PROVIDED ENTRIES START

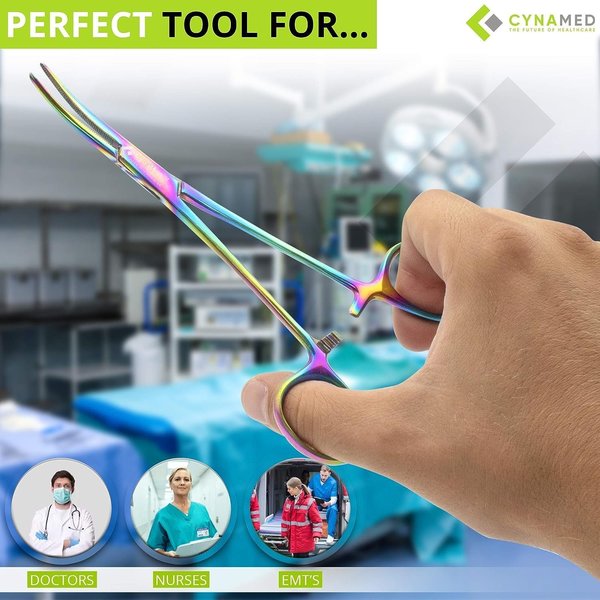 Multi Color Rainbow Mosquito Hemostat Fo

PROVIDED ENTRIES END
PROVIDED ENTRIES START

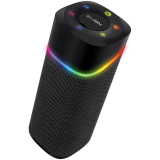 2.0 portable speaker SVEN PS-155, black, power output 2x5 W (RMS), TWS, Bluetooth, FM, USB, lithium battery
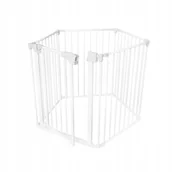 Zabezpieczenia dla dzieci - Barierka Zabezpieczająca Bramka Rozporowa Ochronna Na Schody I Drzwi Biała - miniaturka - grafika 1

PROVIDED ENTRIES END
PROVIDED ENTRIES START

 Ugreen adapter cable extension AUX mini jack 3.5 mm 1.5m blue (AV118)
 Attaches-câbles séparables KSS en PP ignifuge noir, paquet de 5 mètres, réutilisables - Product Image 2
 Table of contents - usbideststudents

PROVIDED ENTRIES END

> **ACTIVITY**: Of all the entries above, repeat only the lines from the line that has "Attaches-câbles séparables KSS" to the line that has "Table of contents - usbideststudents", both lines included, exactly.

> **RESULT OF THIS EXERCISE**:
 Attaches-câbles séparables KSS en PP ignifuge noir, paquet de 5 mètres, réutilisables - Product Image 2
 Table of contents - usbideststudents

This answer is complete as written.